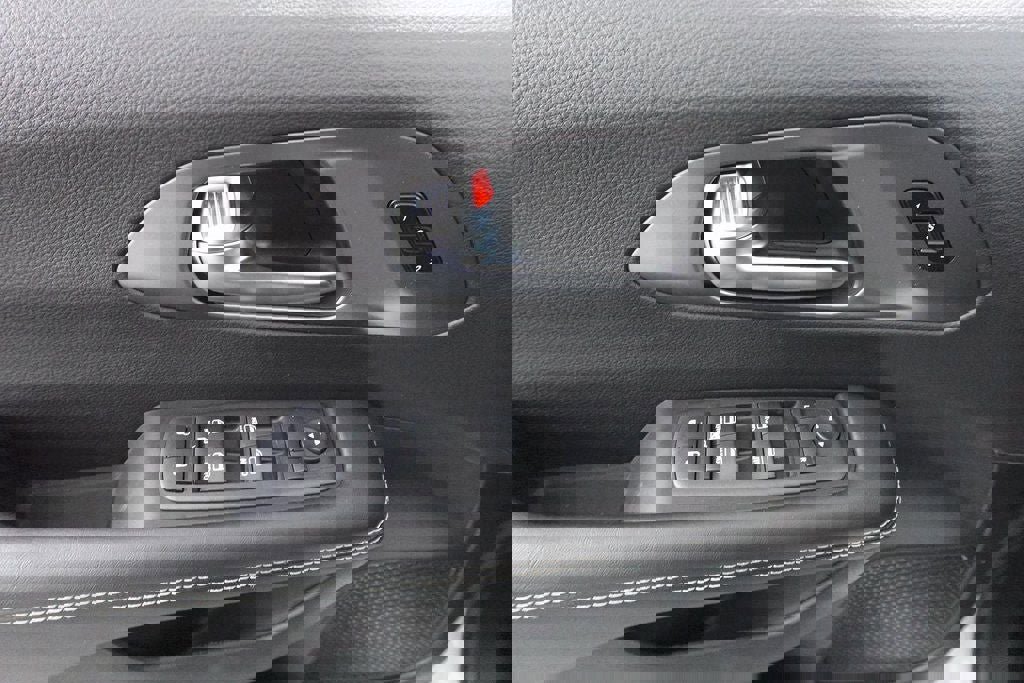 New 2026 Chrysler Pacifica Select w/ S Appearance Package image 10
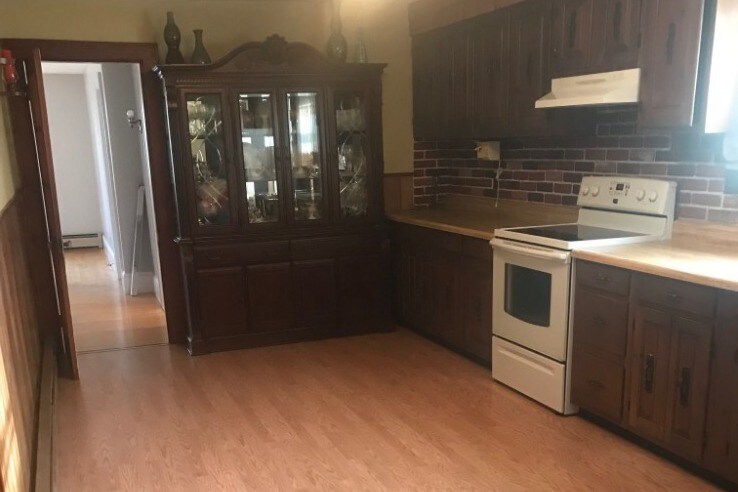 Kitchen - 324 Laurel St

◆ ◆ ◆ ◆

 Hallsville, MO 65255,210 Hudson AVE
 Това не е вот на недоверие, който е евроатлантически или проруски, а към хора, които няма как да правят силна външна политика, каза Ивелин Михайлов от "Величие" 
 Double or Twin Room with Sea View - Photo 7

◆ ◆ ◆ ◆

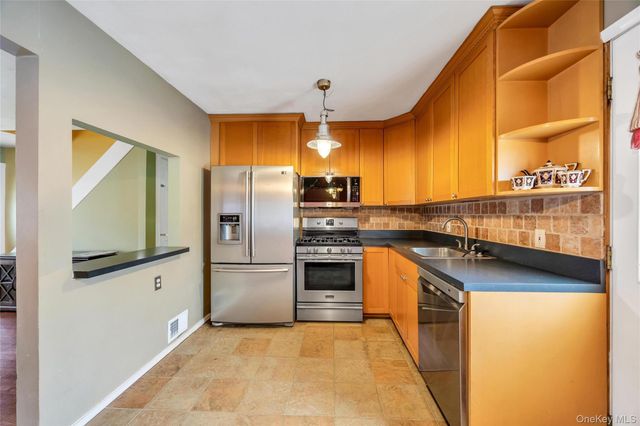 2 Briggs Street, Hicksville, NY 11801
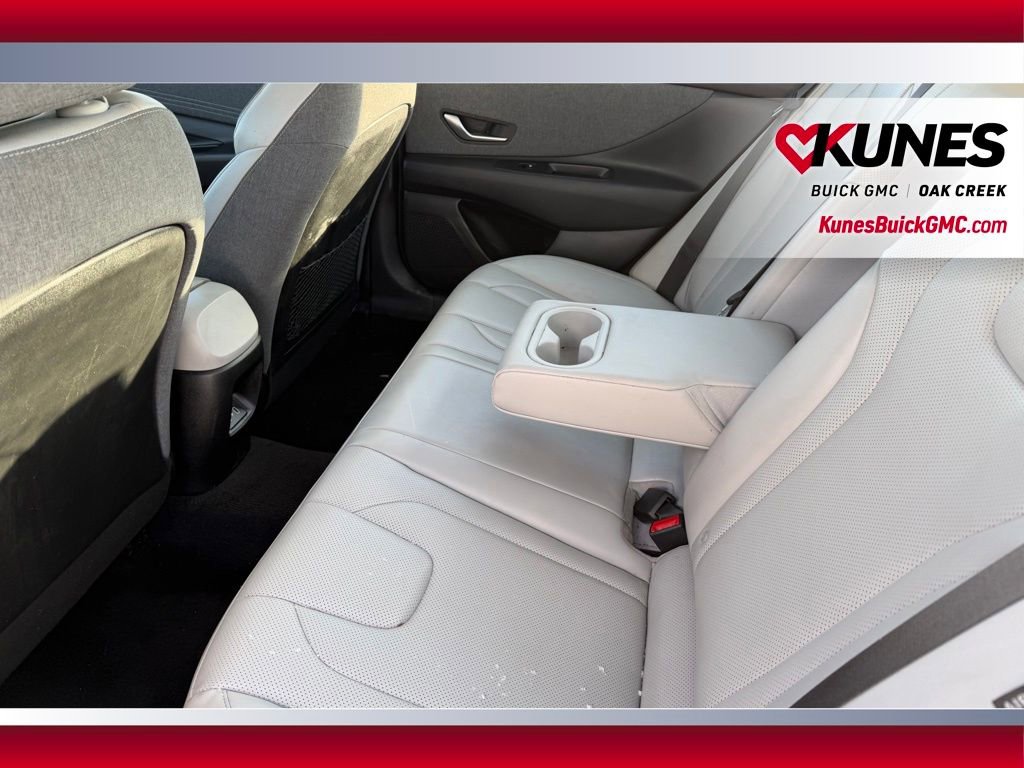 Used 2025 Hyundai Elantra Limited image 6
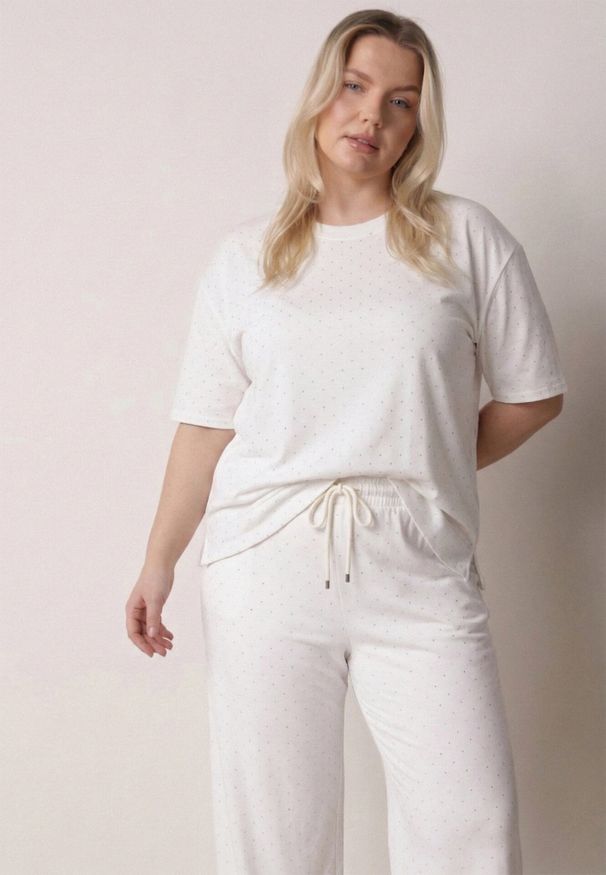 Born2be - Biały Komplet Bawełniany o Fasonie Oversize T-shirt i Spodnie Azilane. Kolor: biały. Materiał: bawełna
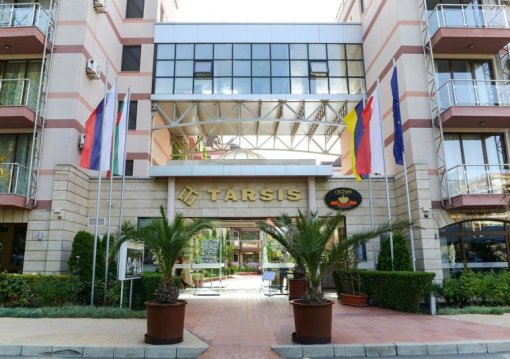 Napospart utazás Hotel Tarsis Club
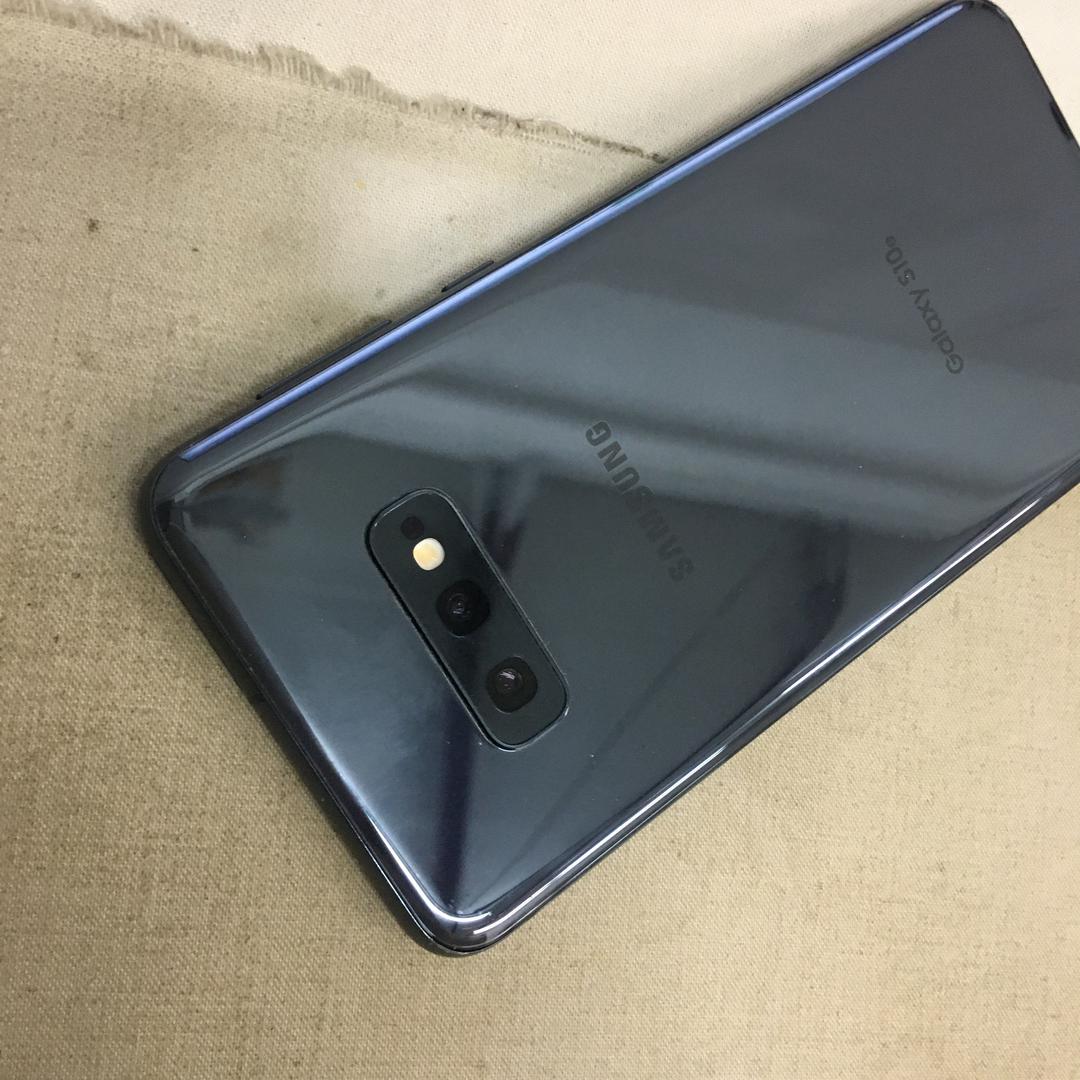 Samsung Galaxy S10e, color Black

◆ ◆ ◆ ◆

== Exercise goal ==
Output only the lines above from the line that holds "Used 2025 Hyundai Elantra Limited image 6" through the line that holds "Samsung Galaxy S10e, color Black", both ends included, and exclude pictures.

== Task response ==
 Used 2025 Hyundai Elantra Limited image 6
 Born2be - Biały Komplet Bawełniany o Fasonie Oversize T-shirt i Spodnie Azilane. Kolor: biały. Materiał: bawełna
 Napospart utazás Hotel Tarsis Club
 Samsung Galaxy S10e, color Black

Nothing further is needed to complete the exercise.